WORK REQUIRED: Exactly as written, print every line of the listing below and omit its pictures.

EXERCISE DATA:
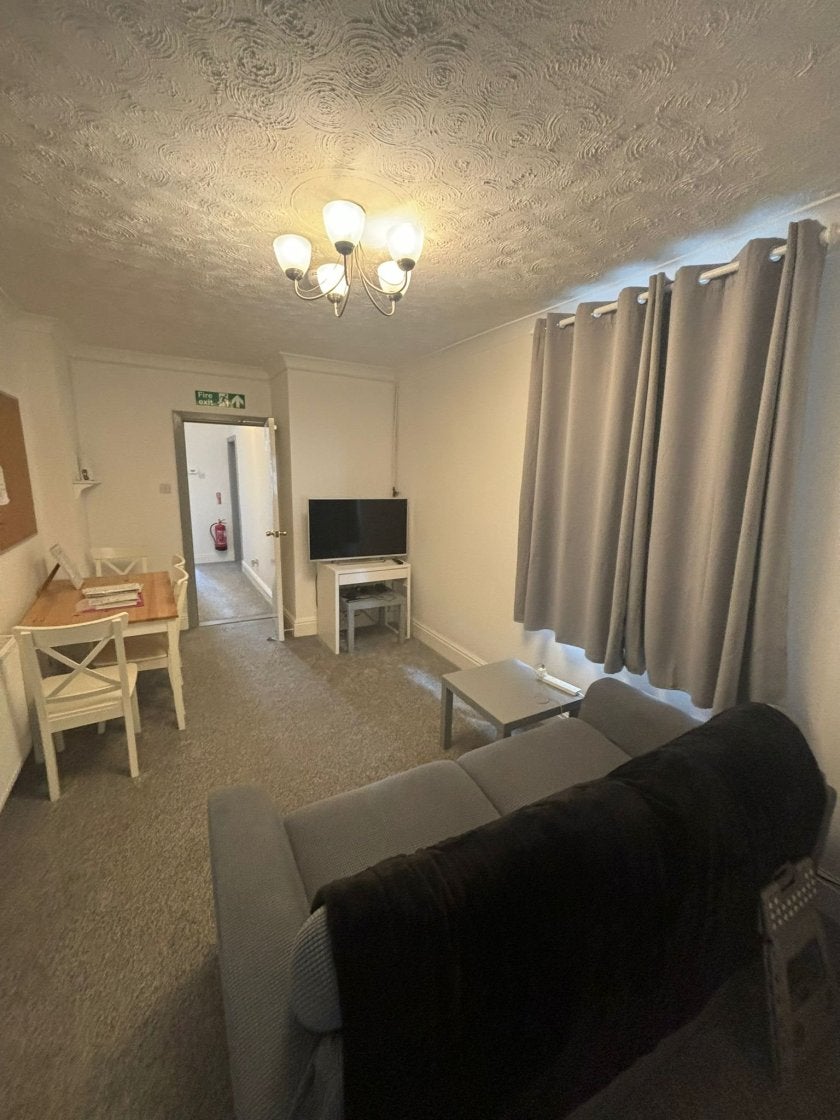 Room Watkin Street in Swansea
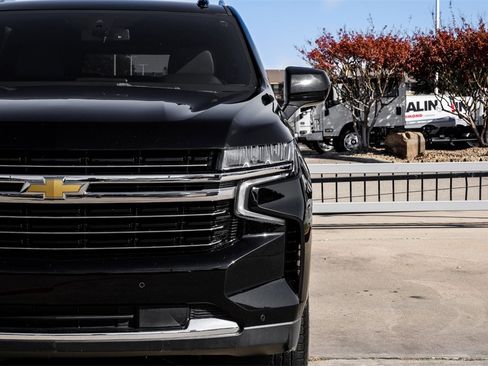 Used 2022 Chevrolet Suburban LT image 50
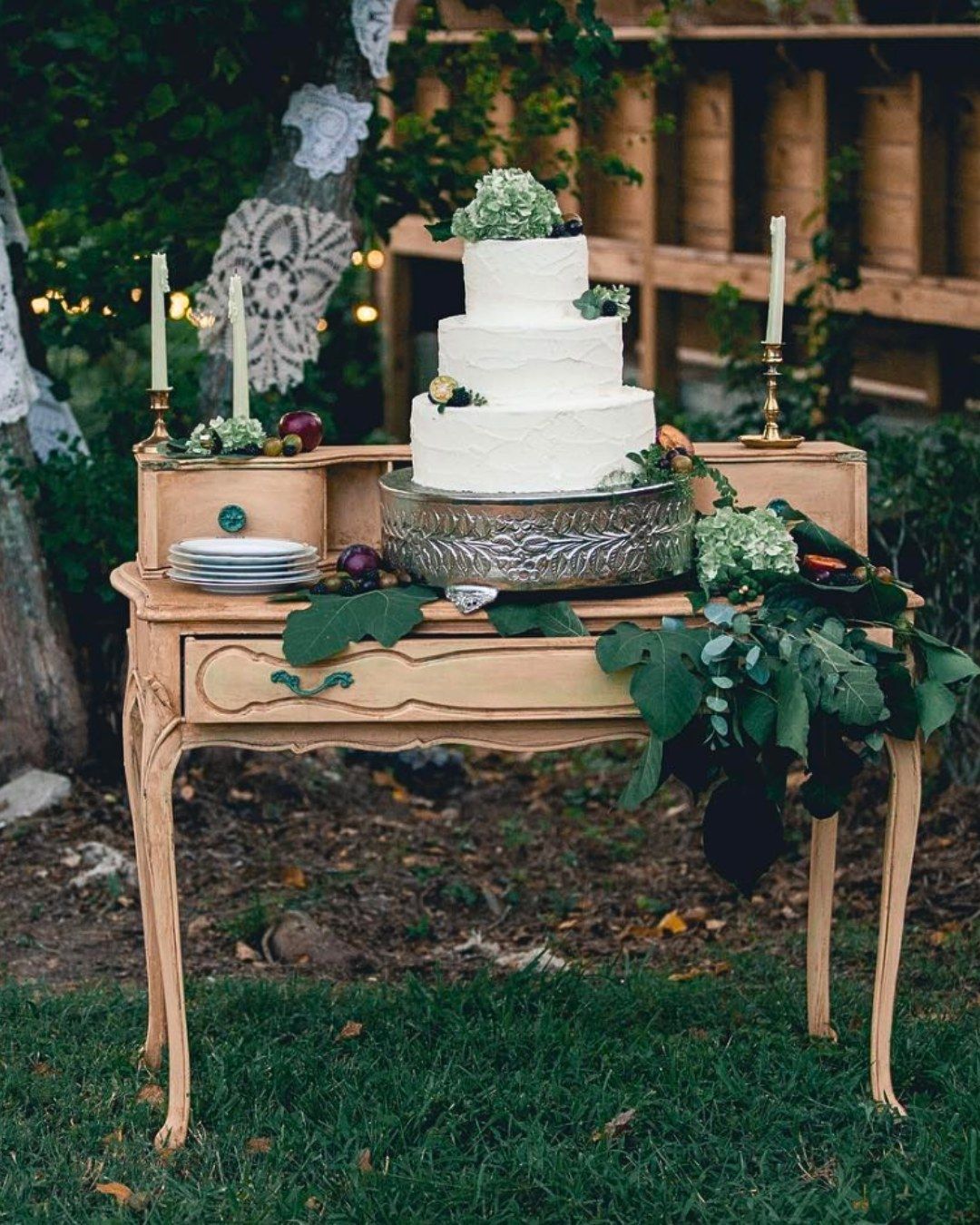 wedding cake with green hydrangeas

EXERCISE OUTPUT:
 Room Watkin Street in Swansea
 Used 2022 Chevrolet Suburban LT image 50
 wedding cake with green hydrangeas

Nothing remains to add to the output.